[[ DATA LISTING open ]]
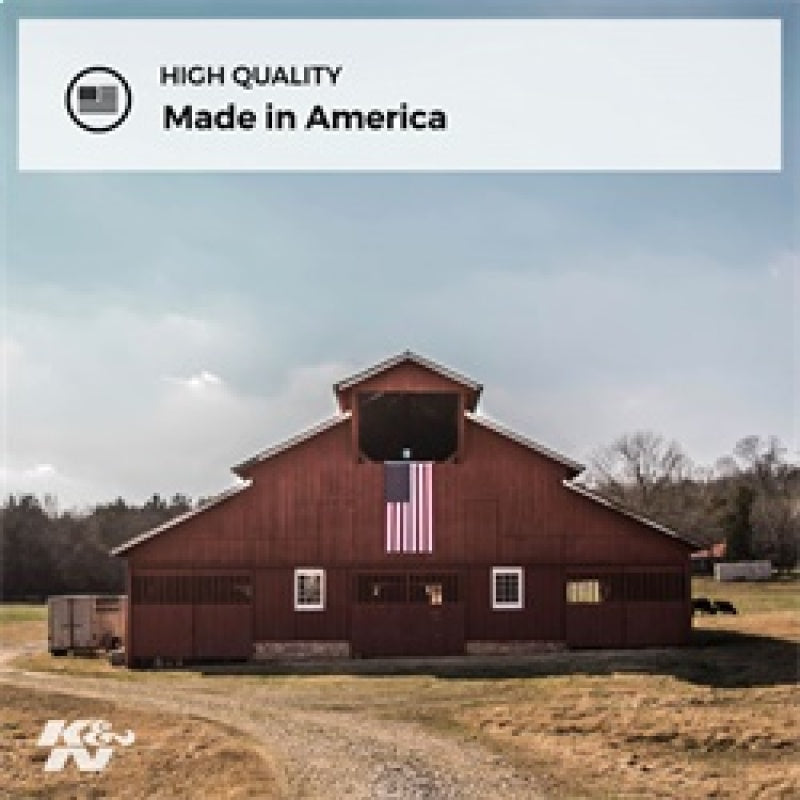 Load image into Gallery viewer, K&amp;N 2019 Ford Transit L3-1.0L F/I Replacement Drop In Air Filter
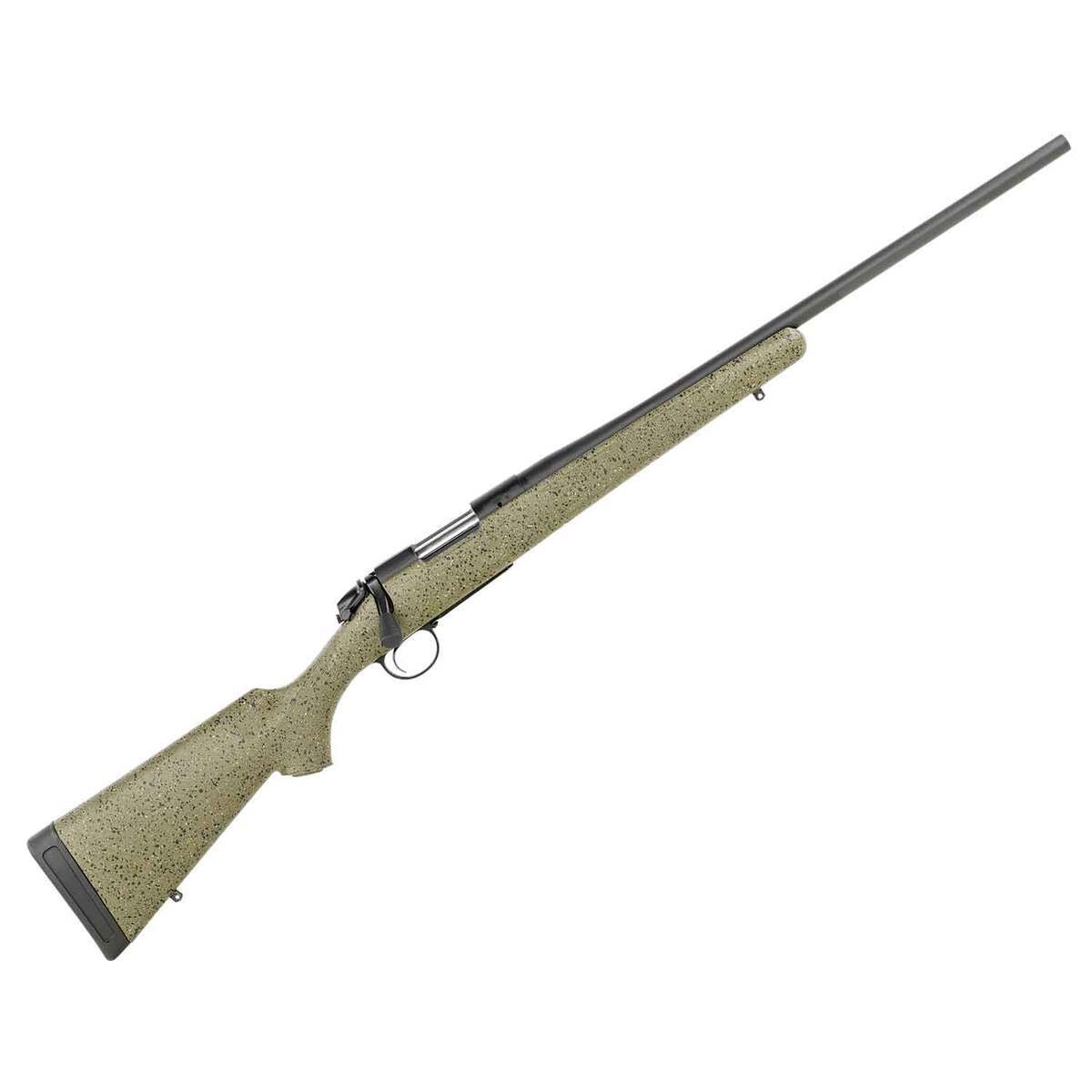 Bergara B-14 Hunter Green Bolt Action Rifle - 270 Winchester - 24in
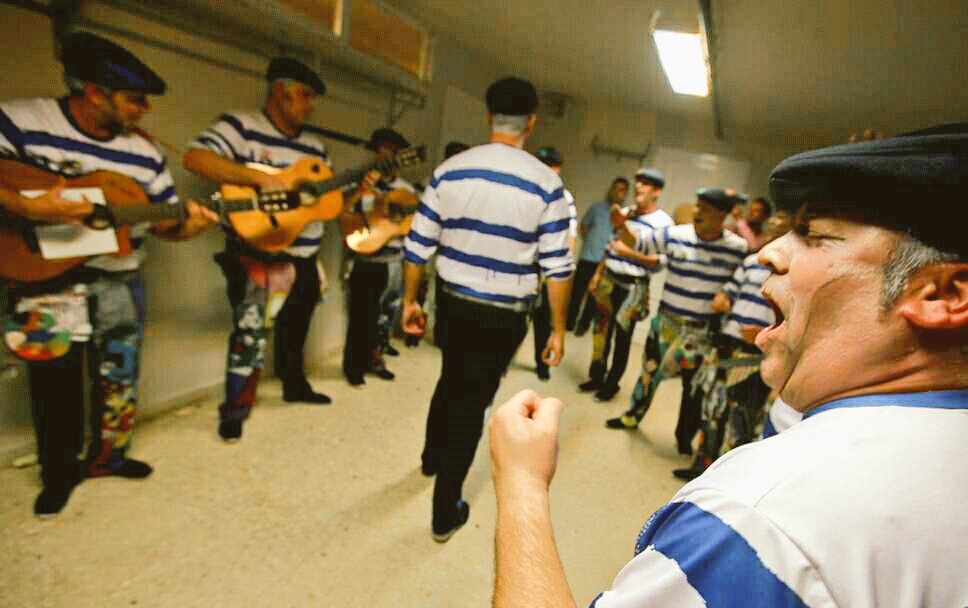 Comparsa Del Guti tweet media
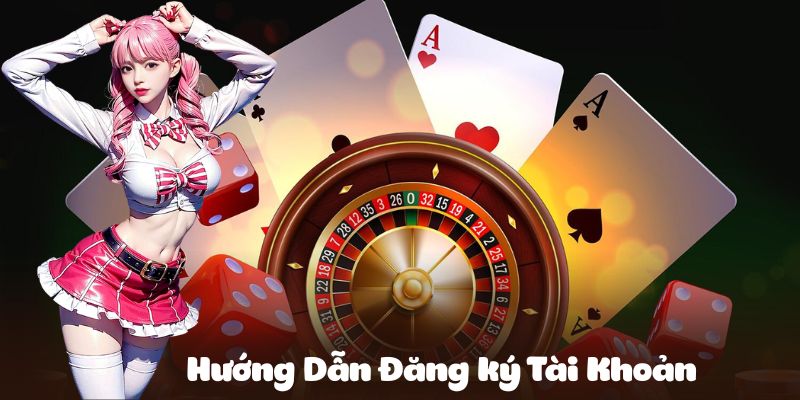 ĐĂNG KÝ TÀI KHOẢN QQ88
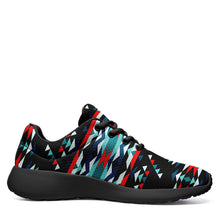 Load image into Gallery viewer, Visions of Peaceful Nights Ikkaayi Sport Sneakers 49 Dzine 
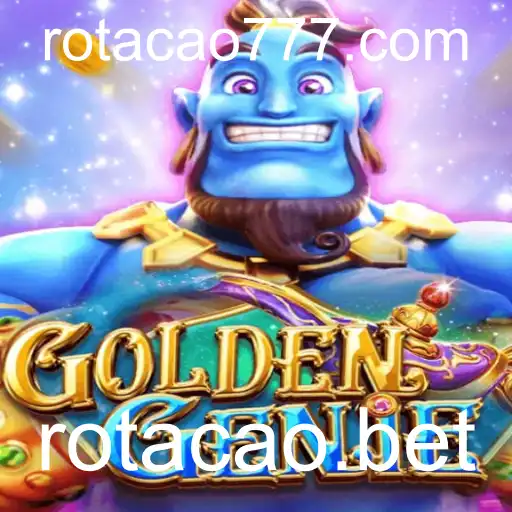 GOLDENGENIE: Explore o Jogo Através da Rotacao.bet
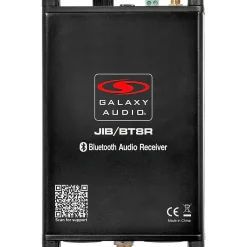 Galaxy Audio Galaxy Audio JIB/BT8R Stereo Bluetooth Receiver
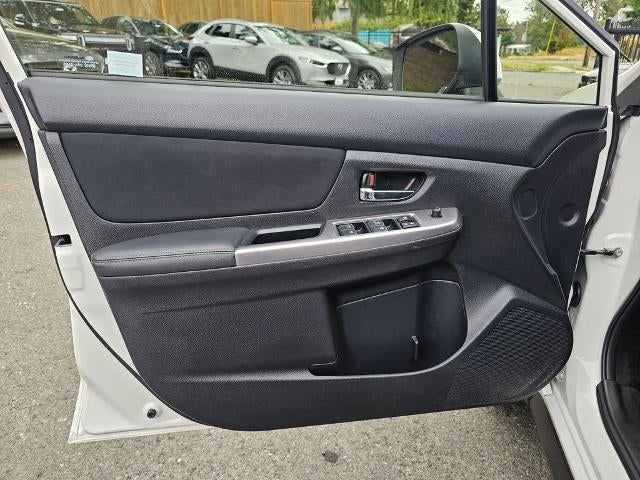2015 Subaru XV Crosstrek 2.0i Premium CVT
[[ DATA LISTING closed ]]
[[ DATA LISTING open ]]
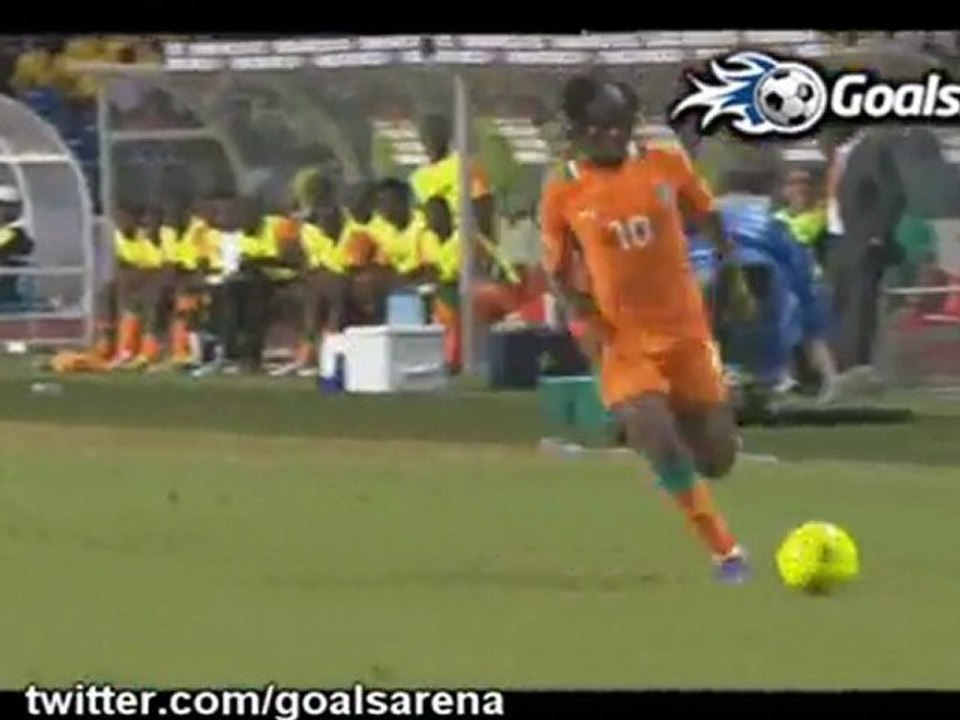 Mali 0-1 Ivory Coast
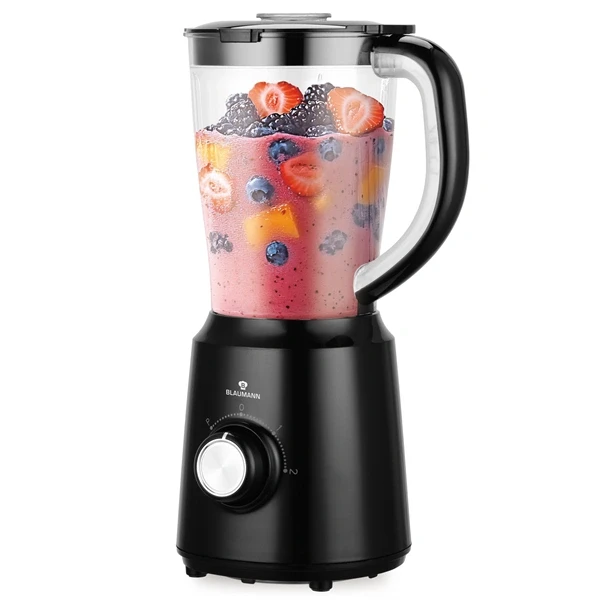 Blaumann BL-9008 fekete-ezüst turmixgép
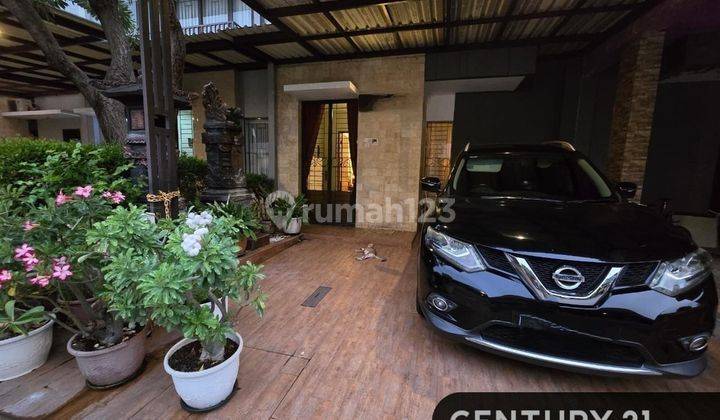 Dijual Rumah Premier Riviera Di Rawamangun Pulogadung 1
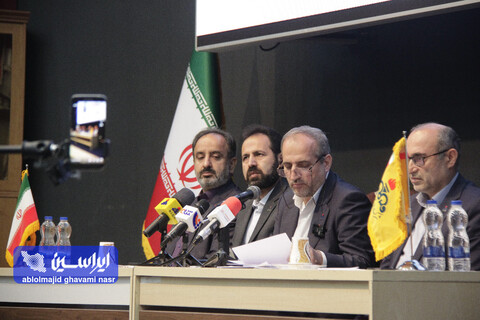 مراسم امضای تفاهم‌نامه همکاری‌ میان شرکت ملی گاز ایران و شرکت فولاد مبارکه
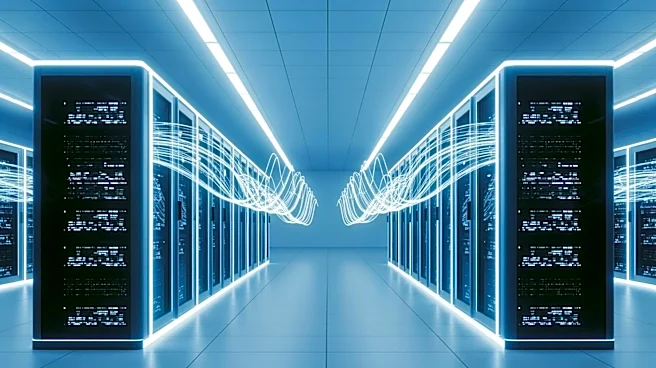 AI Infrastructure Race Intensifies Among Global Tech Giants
[[ DATA LISTING closed ]]
### ASSIGNMENT
With the pictures omitted, print the lines above exactly, beginning at the line with "GOLDENGENIE: Explore o" and going on through the line with "2015 Subaru XV Crosstrek 2.0i Premium CVT".

### RESPONSE BELOW
 GOLDENGENIE: Explore o Jogo Através da Rotacao.bet
 Galaxy Audio Galaxy Audio JIB/BT8R Stereo Bluetooth Receiver
2015 Subaru XV Crosstrek 2.0i Premium CVT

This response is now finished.